By Marcela Ayres
BRASILIA (Reuters) -Brazil’s incoming Finance Minister Fernando Haddad on Wednesday said fiscal expansion would not help the economy at the moment and the government needs to organize its finances to allow lower interest rates, tamping down fears of a public spending spree.
His comments helped to calm market concerns about an explosion in public spending under leftist President-elect Luiz Inacio Lula da Silva, who takes office on Jan. 1. Haddad’s comments and slowing U.S. interest rate hikes took pressure off the Brazilian currency after it hit a two-week low on Tuesday.

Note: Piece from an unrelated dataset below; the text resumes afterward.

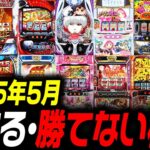 【GW】最新版 5月に打つと勝てる機種 負ける機種 大公開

“There are situations that demand countercyclical actions … but we are not at a moment when fiscal expansion will help the economy,” he said in an television interview.
Haddad said the only stimulus for Brazil’s economy would come from the central bank cutting rates, but that would depend on signaling sustainability for public accounts.
“If we signal that we have restructured public accounts in a sustainable way, it will be possible to bring interest rates” down, he said.
Haddad said a spending package backed by Lula meets campaign promises and fixes budget gaps left by outgoing President Jair Bolsonaro. It still has to be approved by the lower house of Congress after passing the Senate.
That legislation raises a constitutional spending cap while providing for the government to establish a new fiscal framework to keep a lid on public debt. At his first news conference after his appointment on Tuesday, Haddad said he aimed to define those new fiscal rules as soon as possible, without giving details.